• Sport
  • Giovedì 3 giugno 2010

Celtics-Lakers, manuale per nottambuli

Dieci cose da sapere per affrontare - col termos del caffè - le dirette delle finali NBA

di Mauro Bevacqua

Volete sfidare il fuso, stare alzati la notte e godervi lo spettacolo delle Finali NBA, della 12esima serie di Finale NBA che vede Lakers e Celtics sfidarsi per il titolo ? Ecco la Top 10 delle cose che dovete sapere.

Boston Celtics vs. Los Angeles Lakers – fanno 32 titoli NBA in totale. I Celtics sono la squadra più vincente della storia NBA con 17 titoli, l’ultimo vinto nel 2008. I Lakers vengono subito dietro e contano in bacheca 15 titoli, l’ultimo vinto l’anno scorso.

Kobe Bryant – il più forte giocatore dei Lakers, forse il più forte giocatore della NBA, quindi il più forte giocatore del mondo. È il miglior marcatore nella storia dei Los Angeles Lakers, ha vinto quattro titoli NBA ed è alla ricerca del quinto, col quale pareggerebbe un certo Michael Jordan.

Big Three – i tre big di Boston si chiamano Paul Pierce (#34), Kevin Garnett (#5) e Ray Allen (#20). Pierce è a Boston da sempre, ma solo con l’arrivo di Garnett e Allen nel 2008 è riuscito a vincere il suo primo titolo NBA.

Rajon Rondo – è il playmaker titolare dei Celtics. E il motivo per cui oggi, a Boston, si parla di “Big Four”.

Ron Artest – il duro di casa Lakers, e uno dei migliori difensori NBA. Ma anche una delle teste più calde dell’intera Lega. Del 2004 la sua impresa più “famosa”: raggiunse sugli spalti un tifoso che gli aveva tirato addosso un bicchiere di birra e lo riempì di cazzotti. Venne sospeso per tutto l’anno (73 partite più altre 13 di playoff), vedendo così sfumare i 7 milioni di dollari del suo contratto annuale).
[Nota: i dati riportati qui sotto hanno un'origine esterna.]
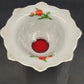 Indiana Glass White Console Flared Footed Bowl w Red Flashed Tulips Ruffled Edge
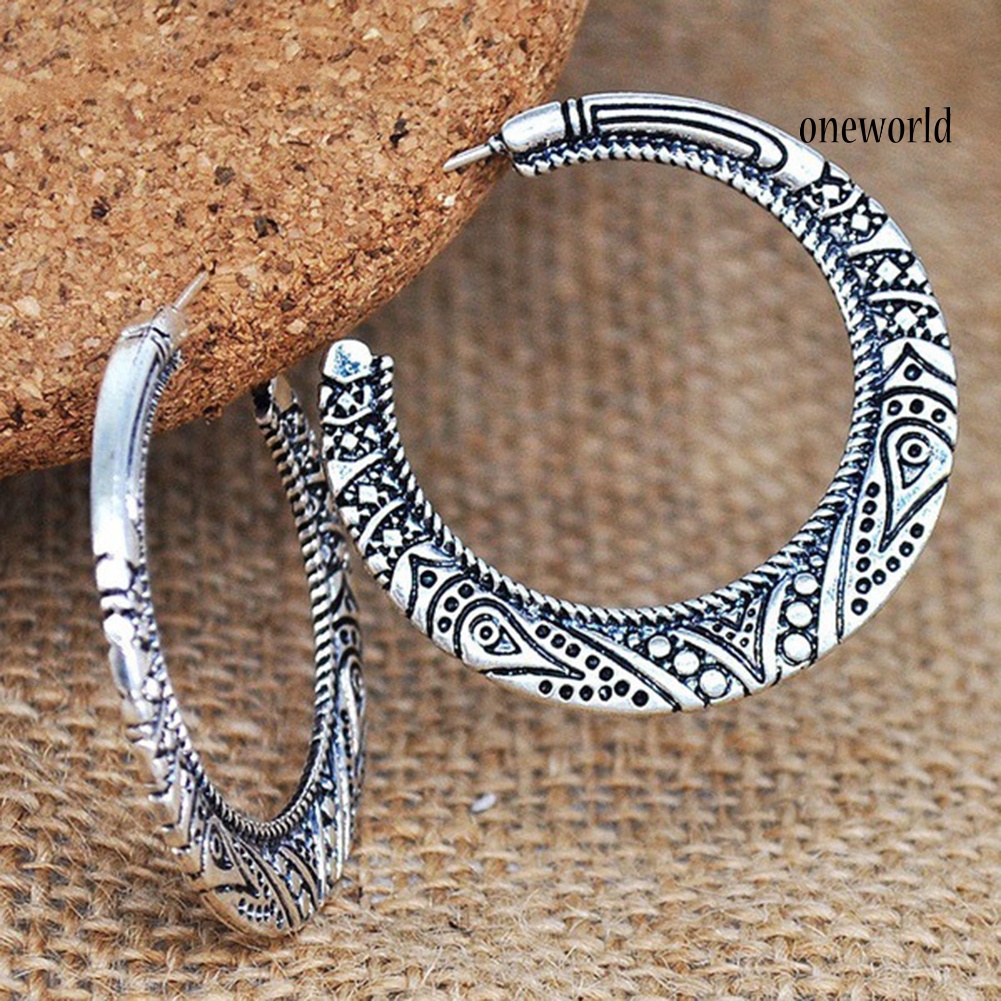 OW# Vintage Women Silver Plated Carved Circle Dangle Ear Stud Earrings Jewelry Gift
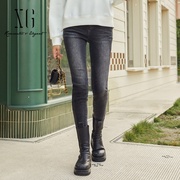 XG雪歌深灰色修身小脚牛仔裤女2022冬季时尚紧身水洗高腰裤子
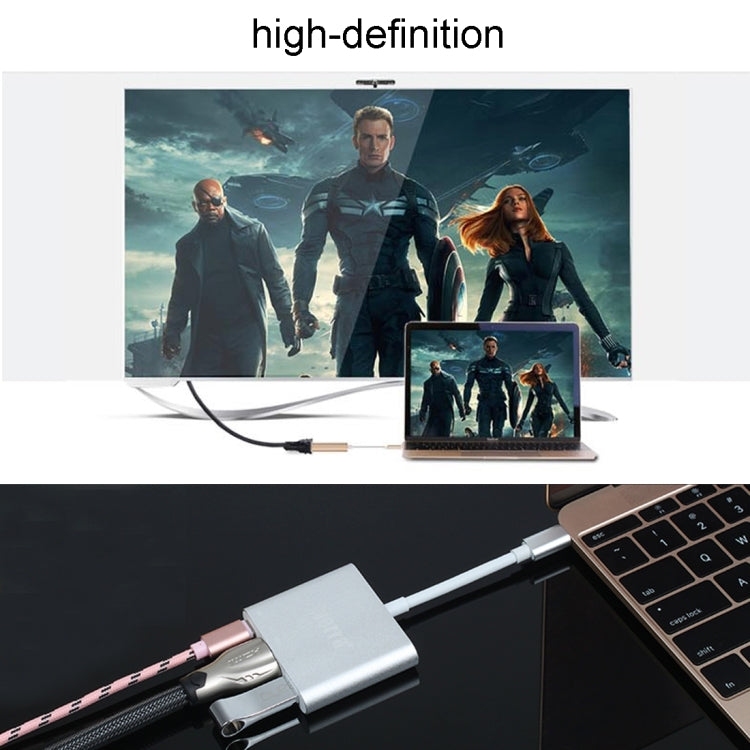 USB-C / Type-C 3.1 Male to USB-C / Type-C 3.1 Female & HDMI Female & USB 3.0 Female Adapter(Black) - Cable & Adapters by PMC TechLife | Online Shopping South Africa | PMC TechLife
Lamar Odom – ovvero Mr. Kardashian, dopo che la bella Khloe (la sorella meno “famosa” di “Al passo con i Kardashian”) ha fatto irruzione nella sua vita e lo ha convinto al matrimonio, la scorsa estate. Non certo l’unica storia da copertina in casa Lakers: Sasha Vujacic, riserva slovena, da qualche tempo fa coppia con Maria Sharapova.
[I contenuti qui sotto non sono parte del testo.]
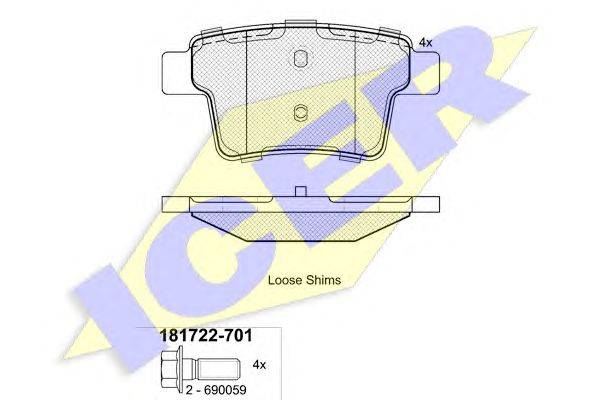 Комплект тормозных колодок, дисковый тормоз ICER 181722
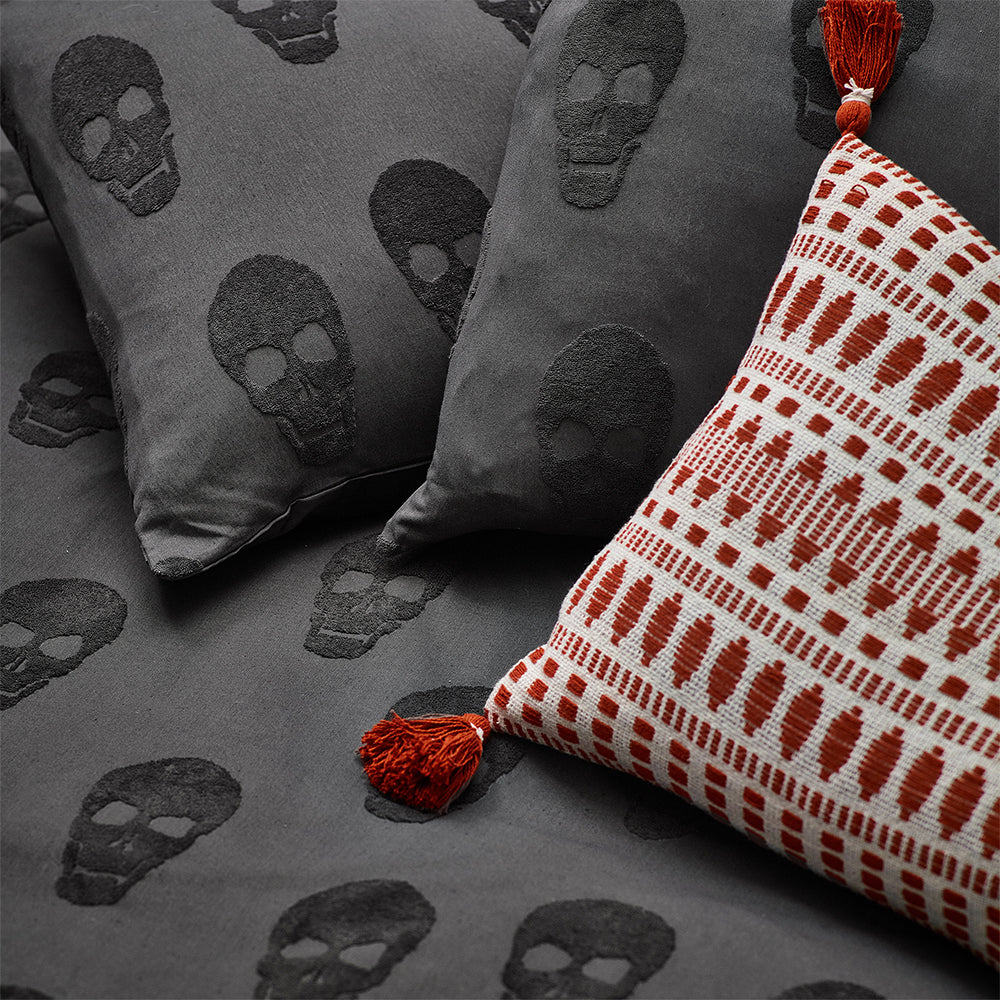 Skulls Tufted 100% Cotton Duvet Cover Set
Phil Jackson – L’allenatore dei Lakers è un ex-giocatore (dei New York Knicks) e un ex-hippie. Spirito libero, amante delle filosofie orientali e per questo soprannominato “Coach Zen”. Ha allenato Michael Jordan (a Chicago, 6 titoli NBA vinti), sta allenando Kobe Bryant (a Los Angeles, altri 4 in bacheca). Il totale (10) lo rende l’allenatore più vincente della storia NBA.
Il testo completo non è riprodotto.